Key changes examined in the trial include the introduction of satellite navigation and the replacement of traditional manoeuvres. The main changes are:
increase the ‘independent driving’ part of the test from 10 to 20 minutes
ask candidates to follow directions on a sat nav as an alternative to following road signs
replace current manoeuvres such as ‘reverse around a corner’ with more real life scenarios for example, driving into and reversing out of a parking bay
ask one of the two vehicle safety questions while the candidate is driving, for example, asking candidates to use the rear heated screen
DVSA Chief Executive, Gareth Llewellyn, said:
“Great Britain’s roads are among the safest in the world. But there is scope to do more to keep road users safe – particularly newly qualified drivers.
“Making sure the test better assesses a driver’s ability to drive safely and independently is part of our strategy to help every driver through a lifetime of safe driving”
The introduction of satellite navigation is designed to allow Examiners to better assess how pupils plan, manage and drive a journey independently. This would replace the traditional approach of pupils following road signs or being directed along a route by the Examiner in the passenger seat – something that is unreflective of how pupils will drive once they are licenced drivers. This exercise is also useful in negating the tendency of those pupils and trainers who merely ‘cram’ a set number of known ‘test’ routes in order to pass, when in real life new licencees will need to be able drive a combination of familiar and unfamiliar routes. The use of sat nav also has an additional benefit as it allows the assessment of how candidates deal with elements of distraction that modern motoring technology adds to the drive. To further understand a candidate’s ability to manage multiple distractions on the move, they will also be asked to perform a ‘show me, tell me’ task on the go – rather than in a stationary position, normally at the test centre or at the side of the road, as has been historically been the norm. This will involve the driver being asked to demonstrate how a key function of the car works, such as a de-mister or air conditioning, on the move.
Developing the type of manoeuvres examined on test includes the proposal to replace those manoeuvres which have low risk implications (such as the ‘turn in road’) with those manoeuvres which carry more risk of damage or collision – such as pulling up on the right hand side of the road and parking contra the traffic flow, and bay parking.

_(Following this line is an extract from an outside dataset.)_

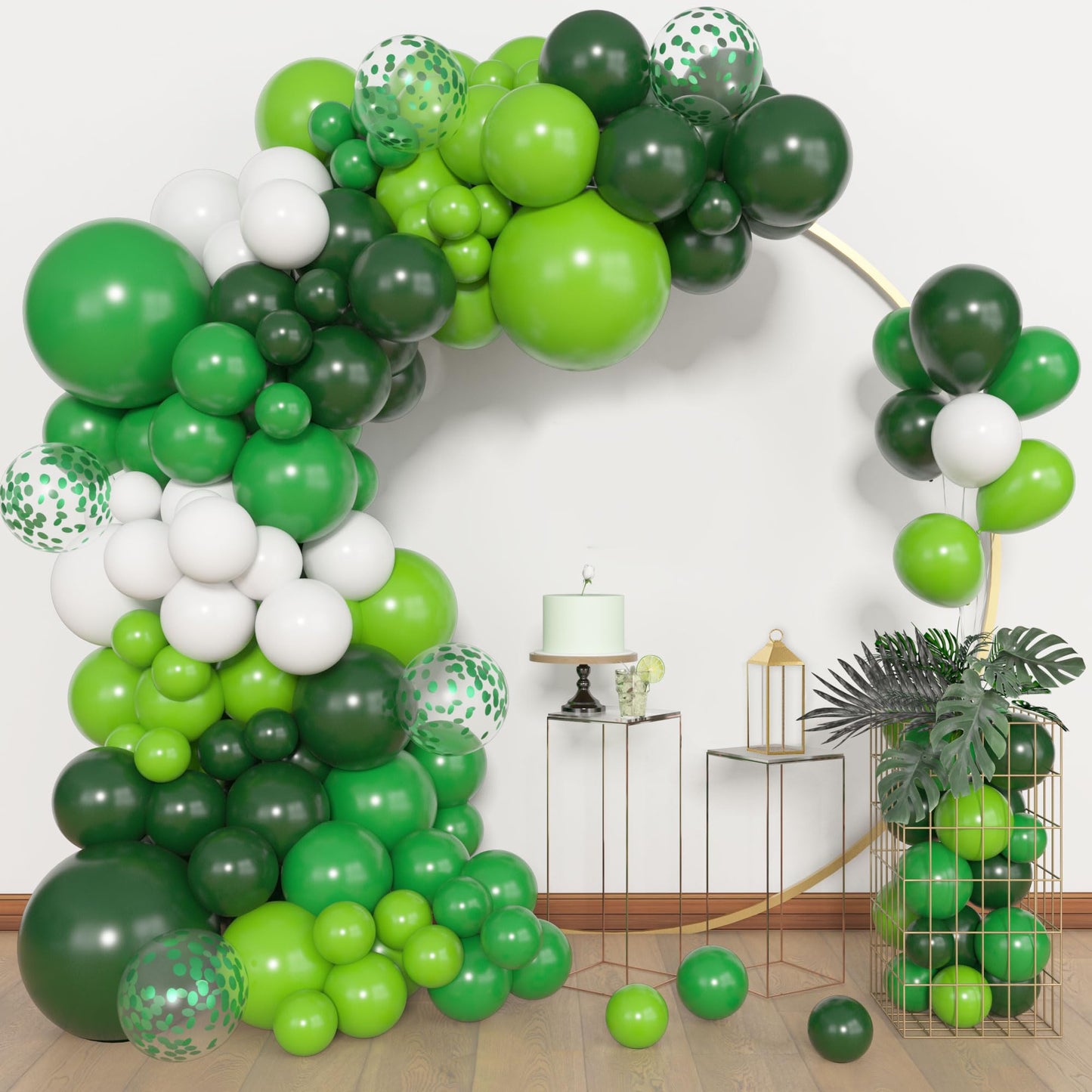 Amandir 153pcs Green Balloon Arch Garland Kit — Emerald, Lime & Confetti Balloons (18/12/10/5in)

The new proposals attracted controversy when first mooted as the trial launched in 2015. Some commentators were nervous of the element of introducing sat navs in particular.

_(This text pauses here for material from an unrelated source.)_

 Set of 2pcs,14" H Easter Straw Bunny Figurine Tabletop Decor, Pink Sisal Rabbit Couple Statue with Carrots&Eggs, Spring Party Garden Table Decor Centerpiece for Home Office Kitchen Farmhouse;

Carly Brookfield, DIA CEO commented ‘At the time of the launch of the trial last year I was appearing on national radio and TV programmes alongside supposed motoring experts who were furiously claiming that these changes were ridiculous – without seemingly understanding modern driver training and modern driving risks – and the need for the driving test to catch up. The trial has shown that these changes have clear benefits for the development of safer, independent drivers. Candidates on the trial test felt more aware of their responsibility and the challenges in managing real life driving on real life roads as a result of the test (and also more aware of the further preparation they would need to do to pass a new test of this nature). Expert transport researchers, professional driver trainers, driver education and road safety bodies like ourselves, examiners and pupils learning to drive right now have been heavily involved in the assessment of these proposed changes and the feedback from all of those involved has been positive. We fully welcome this opportunity to evolve the driving test and are compelled by the evidence we have seen to date from the trial to recommend that these long overdue developments are made.’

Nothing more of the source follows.